When D(n) = D 0+2β n, the above equation is equivalent to Eq. 27. Shakeel (2013) investigated (36) for D(n) = D m e γ(n − 1) (D m > 0, γ ≥ 0, 0 ≤ n≤1) and numerically found that when γ is smaller than a certain value, the spreading speed of the asymptotic wave remains constant, whereas the speed starts to increases as γ exceeds that threshold. This result is qualitatively similar to the characteristic properties found in the minimum traveling wave speed as given by Eq. 32. Furthermore, in the two cases above where the values of D(0) are not zero, the traveling wave solutions form a smooth-front wave.

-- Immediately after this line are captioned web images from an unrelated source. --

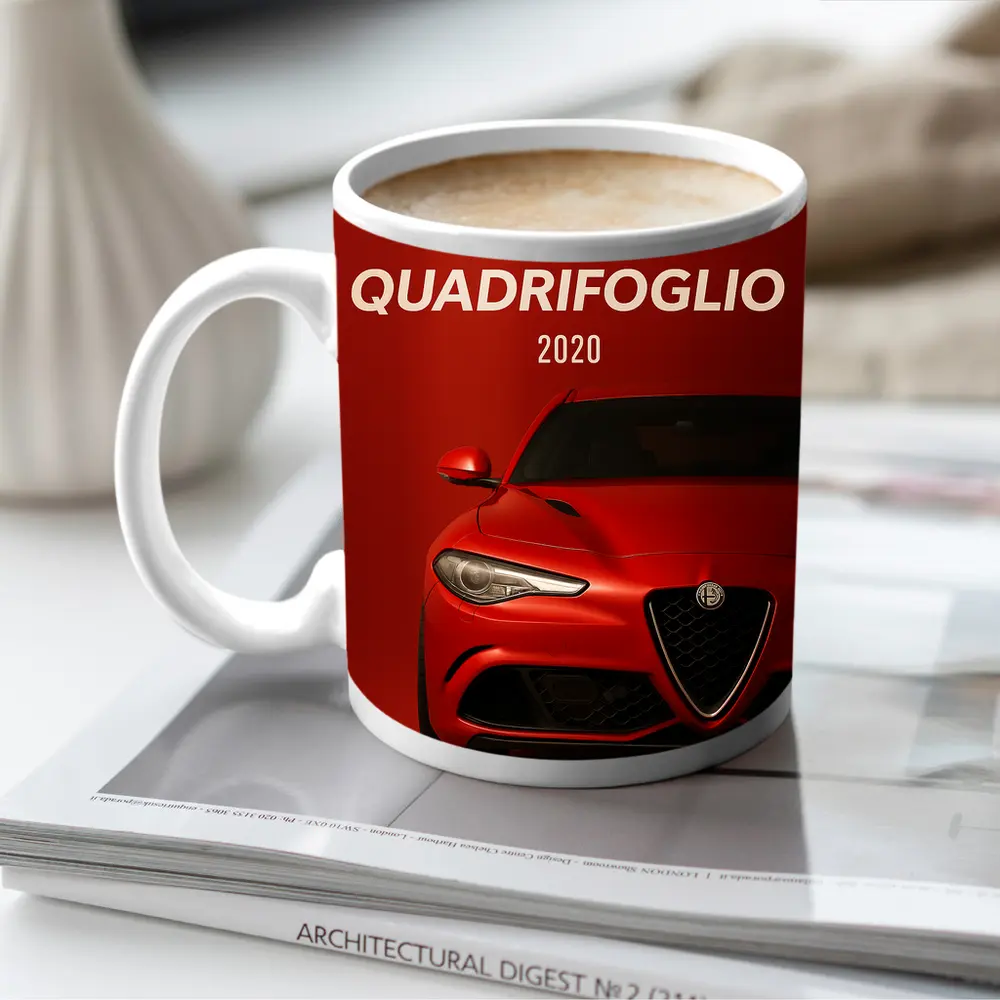 Alfa Romeo Giulia Quadrifoglio Red Background Art – Mugs
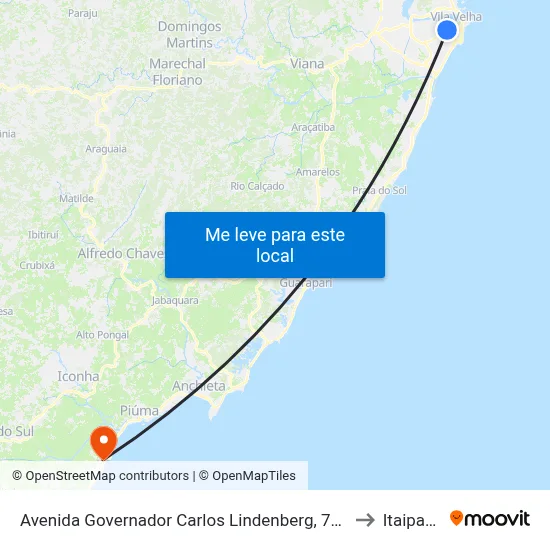 Avenida Governador Carlos Lindenberg, 722 to Itaipava map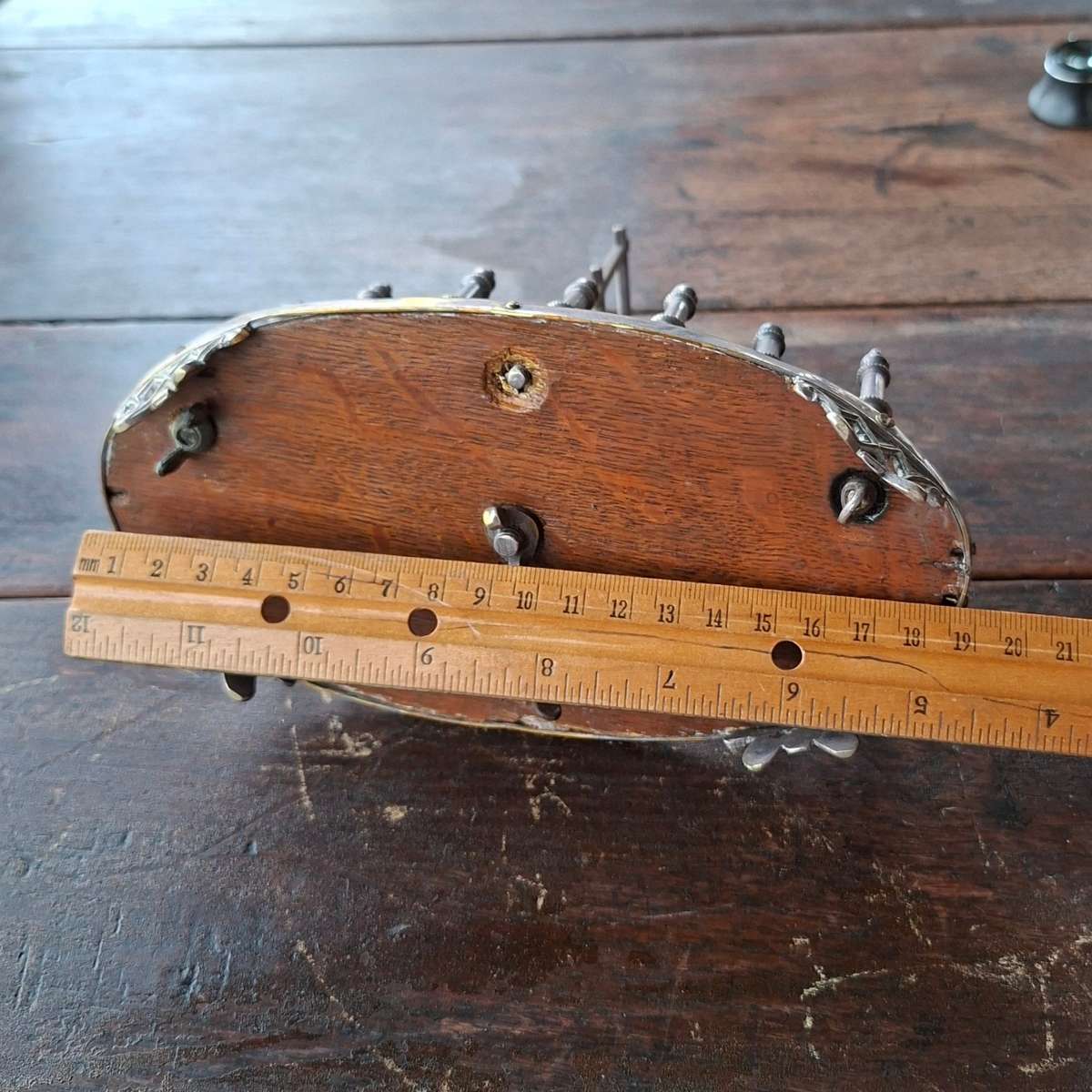 Gothic silver plated toast rack on oak base with four feet - late 1800's  T.H and S.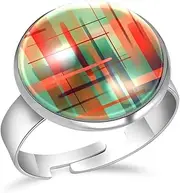 [FVQL] Ring for Women Girls, abstract pattern, 1.7cm/0.67inch, Glass, glass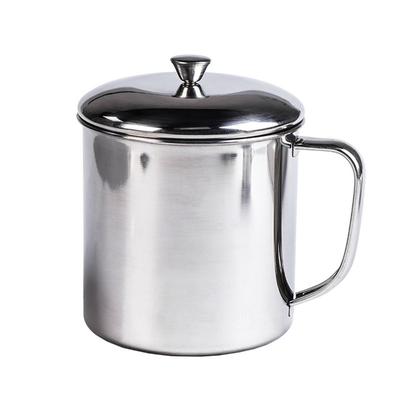 Portable Water Cup 350ml 304 Stainless Steel Rust Proof Tea Mug with Lid and Handle for Milk Juice
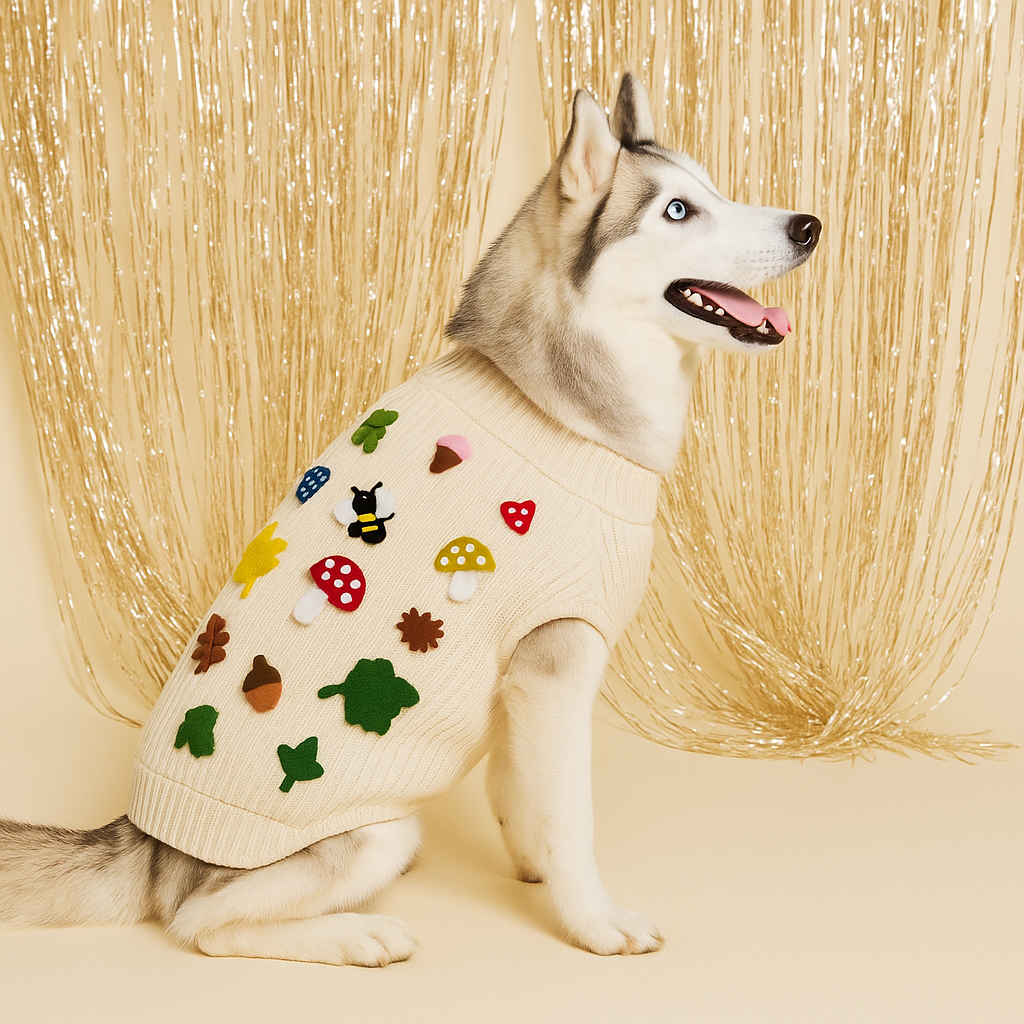Found My Animal Fall Leaves 3D Icon Dog Sweater
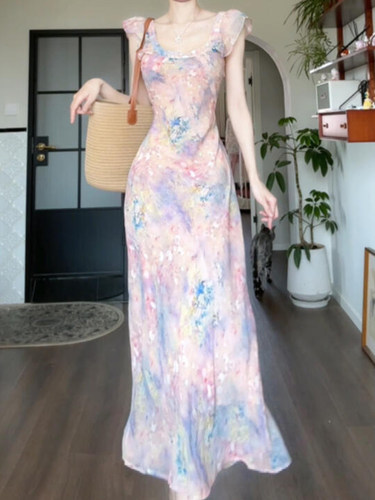 法式莫奈油画碎花飞飞袖连衣裙
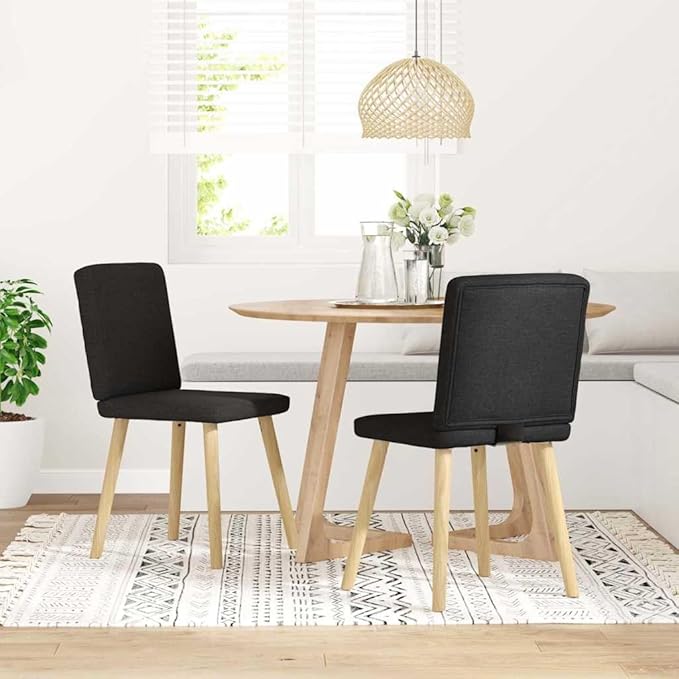 Modern Dining Chairs 2-Piece Set Black Fabric Upholstered Kitchen Chairs with Metal Frame and Foam Padding for Dining Room Living Room Farmhouse Decor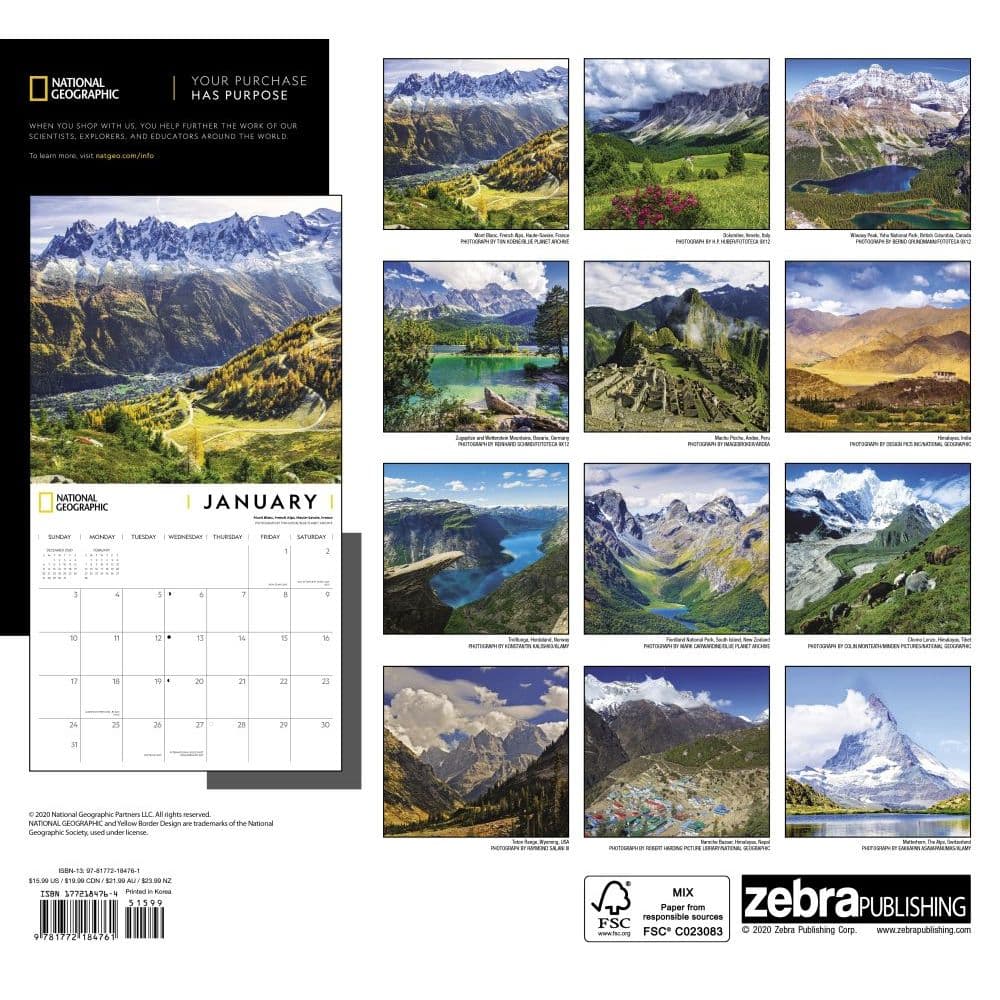 Great Mountains National Geographic Wall Calendar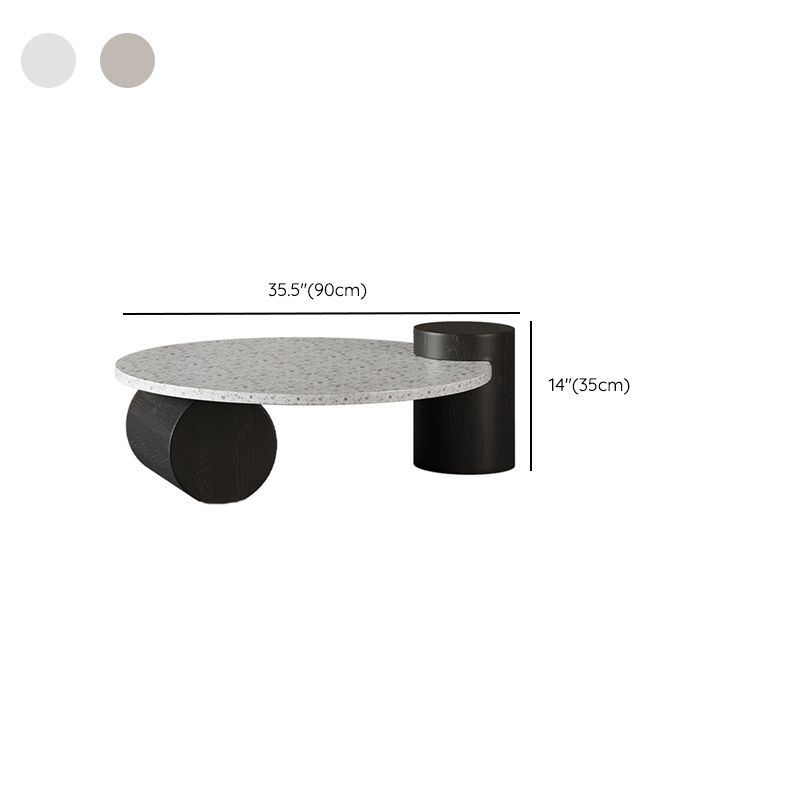 Modern Stone Coffee Table Round Abstract Coffee Cocktail Table
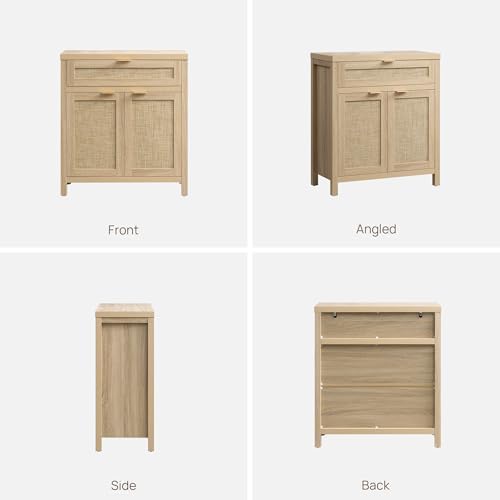 SICOTAS Sideboard Buffet Storage Cabinet Set of 3, Rattan Credenza Buffet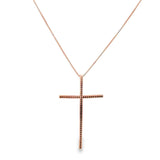 Slim Long Cross Crucifix Necklace With CZ Stones (G166)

On the other hand, when the diffusion term is degenerate, i.e., D(0) = 0 with D(n) > 0 for n∈(0,1], Sánchez-Garduño and Maini (1994) proved the existence and uniqueness of a sharp-front traveling wave for a large family of Fisher equations. However, as for the Fisher equation with non-linear diffusion in a periodic patchy environment, the existence of a traveling periodic wave and its rate of spread have mathematically not yet been proven for either non-degenerate or degenerate non-linear diffusion. Although the simulation results presented in the “Effects of population pressure in a periodic patchy environment” are based on the simplest non-linear diffusion model for a heterogeneous environment, we hope that they may provide a basis for understanding how population pressure, long-range taxis and spatial heterogeneity of environment interplay to influence the spatial pattern and its rate of spread.